ABOUT TFI INTERNATIONAL
TFI International Inc. is a North American leader in the transportation and logistics industry, operating across the United States, Canada and Mexico through its subsidiaries. TFI International creates value for shareholders by identifying strategic acquisitions and managing a growing network of wholly-owned operating subsidiaries. Under the TFI International umbrella, companies benefit from financial and operational resources to build their businesses and increase their efficiency. TFI International companies service the following segments:
- Package and Courier;
- Less-Than-Truckload;
- Truckload;
- Logistics.
TFI International Inc. is publicly traded on the New York Stock Exchange and Toronto Stock Exchange under the symbol TFII.

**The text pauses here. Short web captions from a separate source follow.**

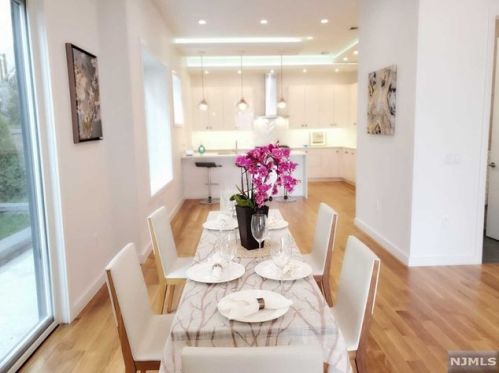 716 Undercliff Ave, Edgewater NJ  07020-1419 exterior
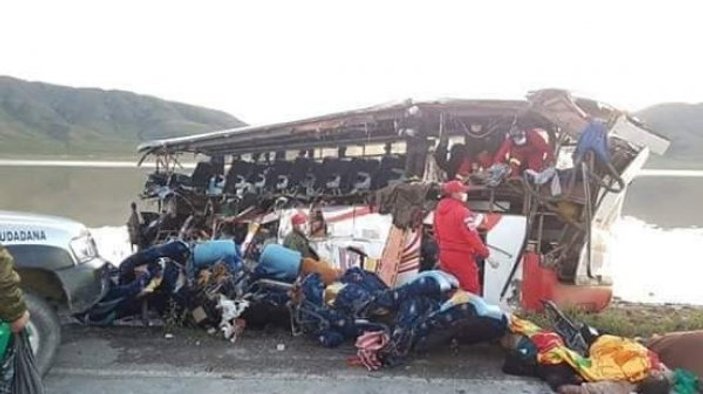 Bolivya’da yolcu otobüsüyle kamyon çarpıştı: 24 ölü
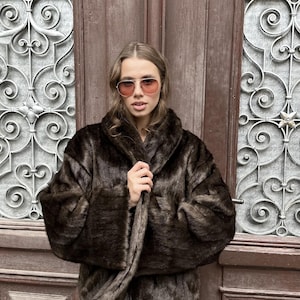 Oversized luxury winter coat, warm short fur coat, brown woman fur coats, long fur clothing, fur coat woman, woman fur jacket, luxury gift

CAUTION CONCERNING FORWARD-LOOKING STATEMENTS
Certain statements included in this press release may be “forward-looking information” within the meaning of applicable Canadian securities laws, section 27A of the United States Securities Act of 1933, as amended, and section 21E of the United States Securities Exchange Act of 1934, as amended, and such statements are subject to the safe harbor created by those sections and by the United States Private Securities Litigation Reform Act of 1995, as amended, including statements regarding the public offering and the anticipated closing thereof. This forward-looking information is identified by the use of terms and phrases such as “may”, “might”, “expect”, “intend”, “estimate”, “anticipate”, “plan”, “foresee”, “believe”, “to its knowledge”, “could”, “design”, “forecast”, “goal”, “hope”, “intend”, “likely”, “predict”, “project”, “seek”, “should”, “target”, “will”, “would” or “continue”, and the negative of these terms and similar terminology, including references to assumptions, although not all forward-looking information contains these terms and phrases. Forward-looking information is based upon a number of assumptions and is subject to a number of risks and uncertainties, many of which are beyond TFI International’s control, that could cause actual results to differ materially from those that are disclosed in or implied by such forward-looking information. Completion of the public offering is subject to numerous factors, many of which are beyond TFI International’s control, including but not limited to, the failure to fulfill customary closing conditions and other important factors disclosed previously and from time to time in TFI International’s filings with the securities regulatory authorities in each of the provinces of Canada and the SEC. The forward-looking information contained in this press release represents TFI International’s expectations as of the date of this press release (or as of the date they are otherwise stated to be made), and are subject to change after such date. However, TFI International does not undertake to update or amend such forward-looking information whether as a result of new information, future events or otherwise, except as may be required by applicable law.